Christian Dior, minus Raf Simons, manages a fine ready-to-wear collection
Despite lacking a creative director, French label displays covetable looks in a cool and modern, tightly edited autumn-winter show
There was plenty of anticipation ahead of Christian Dior’s first autumn-winter ready-to-wear show in Paris since the label lost yet another high-profile creative director. However, the studio overcame Raf Simons’ departure, presenting a tightly edited collection of covetable and wearable pieces for loyal fans. Unlike the inglorious ejection of John Galliano, Dior seems to have taken Simons’ departure in its stride, as seen in this lovely line-up of asymmetrical draped dresses with appealing bare shoulders and beautifully tailored dark suiting.
There were classic Dior silhouettes. Collars came either big and paired with wide lapels on jackets and shirts or high and sophisticated. Even though it leaned on plenty of house codes, the collection remained cool and modern, possessing richness, depth and a dash of the kooky that was pleasantly surprising.
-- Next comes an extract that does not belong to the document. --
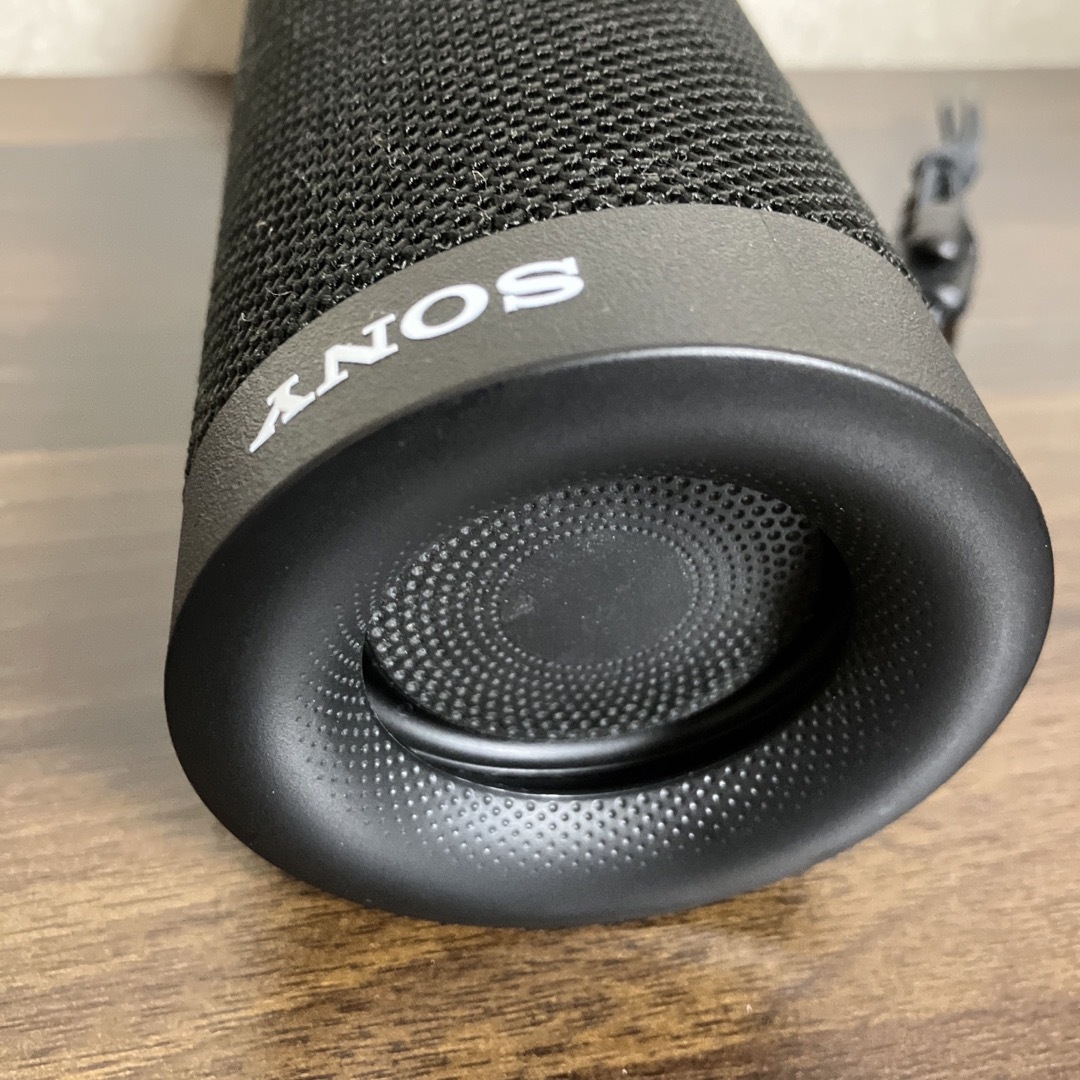 SONY スピーカー SRS-XB10(B) あどけなく SONY スピーカー SRS-XB10(B) あどけなく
Skirts, coats and dresses were cut in a modern, elegant style.
Great new handbags, Mad Max-style glasses and a bit of youthful city edge marked a departure from the more ethereal, pale-hued and naive country leanings favoured by Simons.
Taken together, this was a rather sensual collection, with flirty peplums and mesmerising floral prints accenting beautifully made outfits for the modern day Dior woman.